DATASET SECTION below:

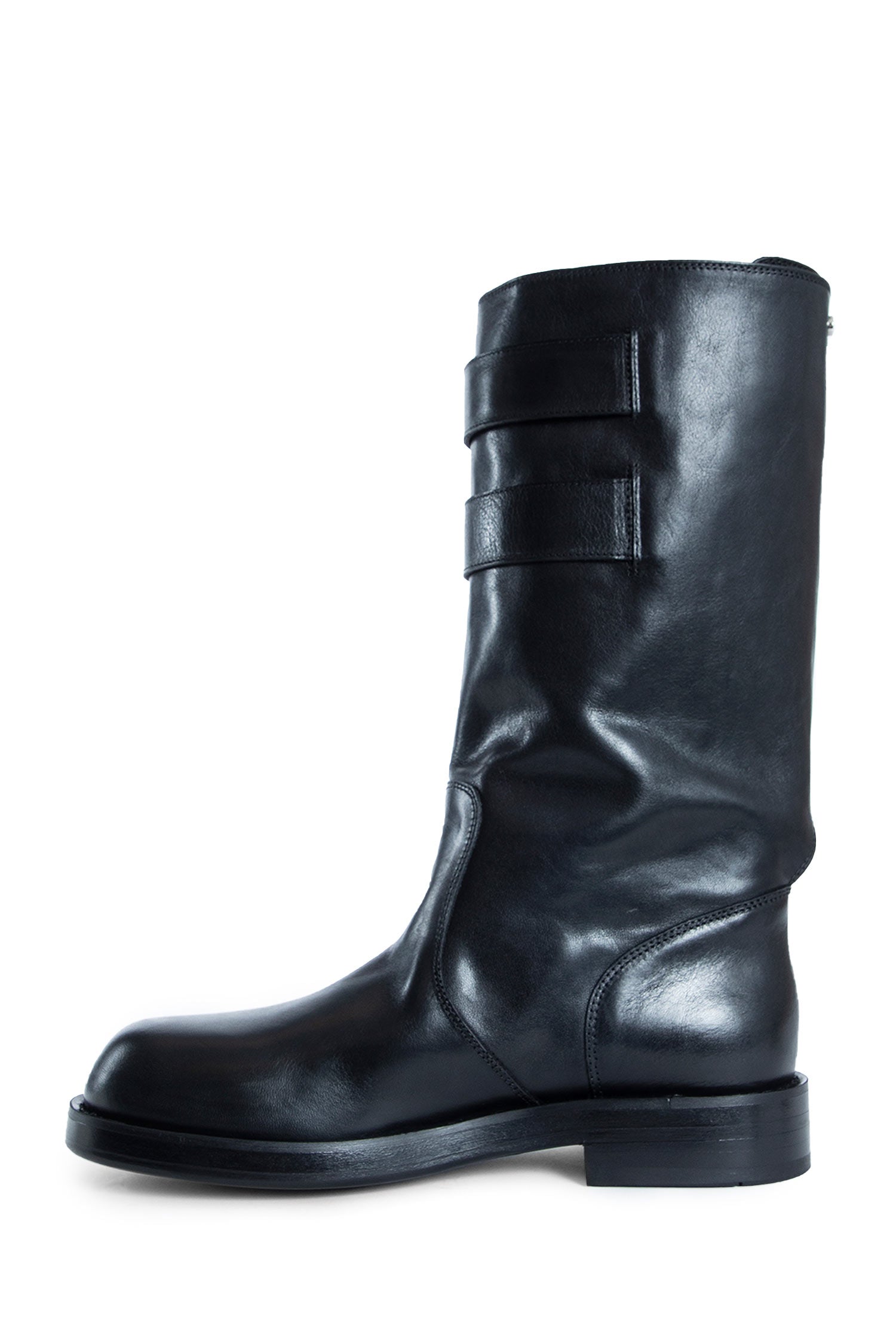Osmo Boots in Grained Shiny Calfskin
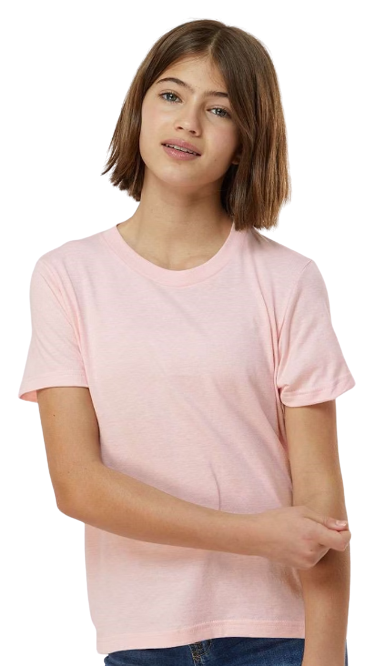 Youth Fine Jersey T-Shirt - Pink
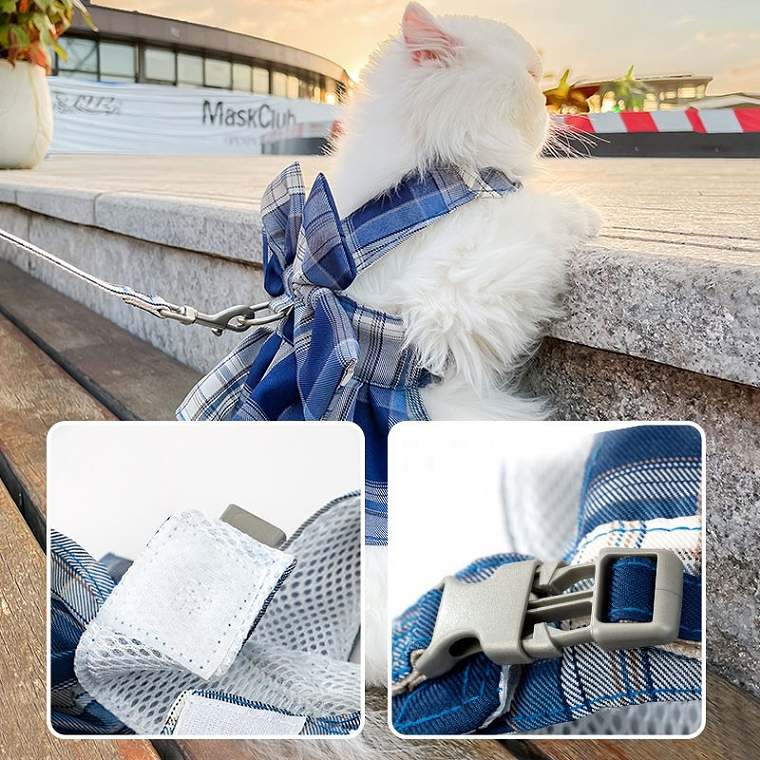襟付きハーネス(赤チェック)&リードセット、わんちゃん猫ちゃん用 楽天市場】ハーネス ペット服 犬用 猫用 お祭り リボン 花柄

End of DATASET SECTION.

Please copy the data above exactly, omitting the pictures.

# SOLUTION FOR THIS PROBLEM:
Osmo Boots in Grained Shiny Calfskin
 Youth Fine Jersey T-Shirt - Pink
襟付きハーネス(赤チェック)&リードセット、わんちゃん猫ちゃん用 楽天市場】ハーネス ペット服 犬用 猫用 お祭り リボン 花柄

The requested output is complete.